30 May , 15:56
0
OpenAI's artificial intelligence has disproved a hypothesis by legendary mathematician Paul Erdős that had remained unchallenged for nearly 80 years. The result is already being called one of the first truly significant mathematical discoveries made by a machine. This was reported by The Conversation.
OpenAI's internal AI model found a counterexample to the famous unit distance problem on the plane, known as Erdős Problem #90. Formulated back in 1946, it sounds deceptively simple: if a certain number of points are placed on a plane, how many pairs of them can be positioned exactly one unit of distance apart from each other?
For decades, mathematicians were convinced that the best solution was provided by structures resembling a square grid. Erdős himself believed that it was impossible to substantially surpass such a configuration — even with an enormous number of points. However, OpenAI's AI demonstrated that more efficient constructions do in fact exist.
To prove this, the model employed methods from algebraic number theory and constructed point placement schemes that yield more pairs with unit distances than the classical square lattice.
Canadian mathematician Daniel Litt called the result "the first autonomously AI-obtained mathematical result that is genuinely interesting in its own right." Researchers were particularly struck by the fact that the problem was solved not by a specialized mathematical system but by a general-purpose language model.
Following the publication of the work, American mathematician Will Sawin managed to improve upon the obtained result using a similar approach. In parallel, researchers from Google DeepMind reported solving nine other open Erdős problems using their own AI models.
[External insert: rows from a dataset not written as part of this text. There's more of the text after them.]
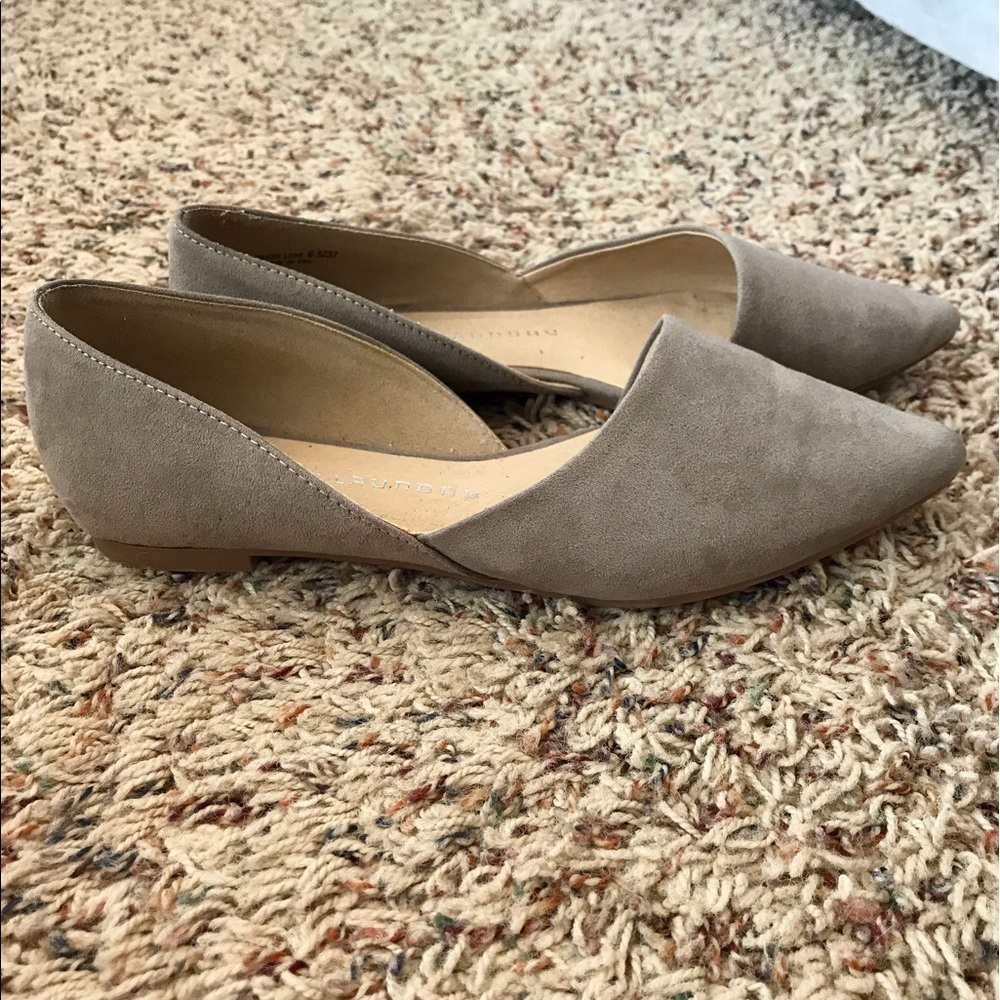 Beige suede flats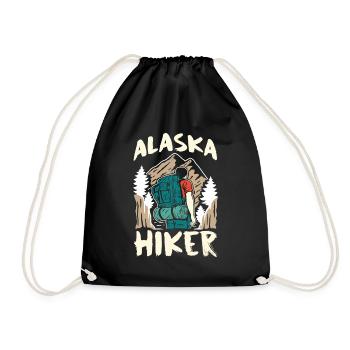 Alaska Wanderer Natur Wanderung Wandern - Turnbeutel - Schwarz - Vorne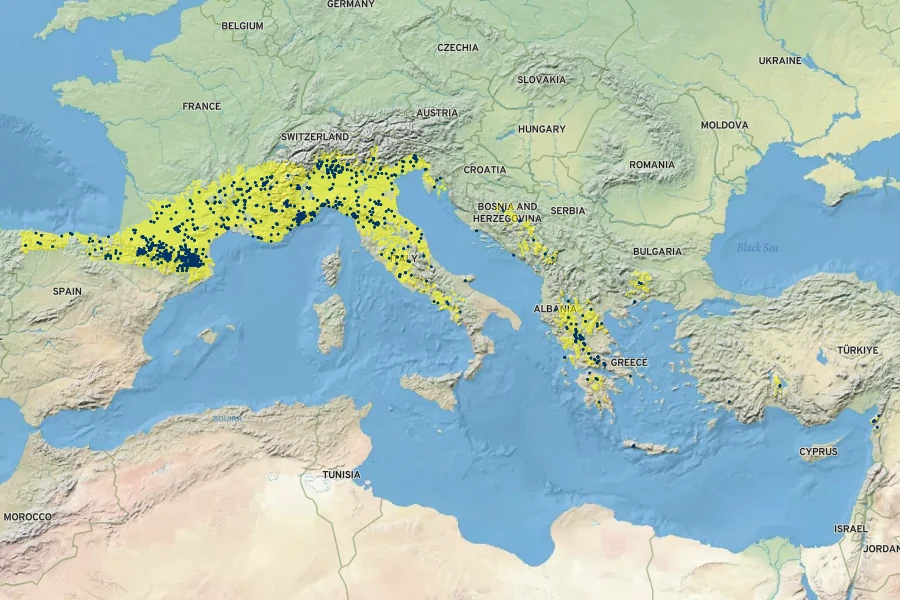 Iberis sempervirens Native Range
Fields Medal laureate Timothy Gowers stated that if a human had submitted a similar paper, he would "without hesitation" recommend it for publication in the Annals of Mathematics — one of the most prestigious mathematical journals in the world.
However, scientists urge caution: AI is not necessarily yet capable of genuine "eureka moments," which are traditionally considered the most human aspect of mathematics. In the experts' opinion, the model was rather able to effectively combine already existing ideas and test an enormous number of possibilities without any time constraints.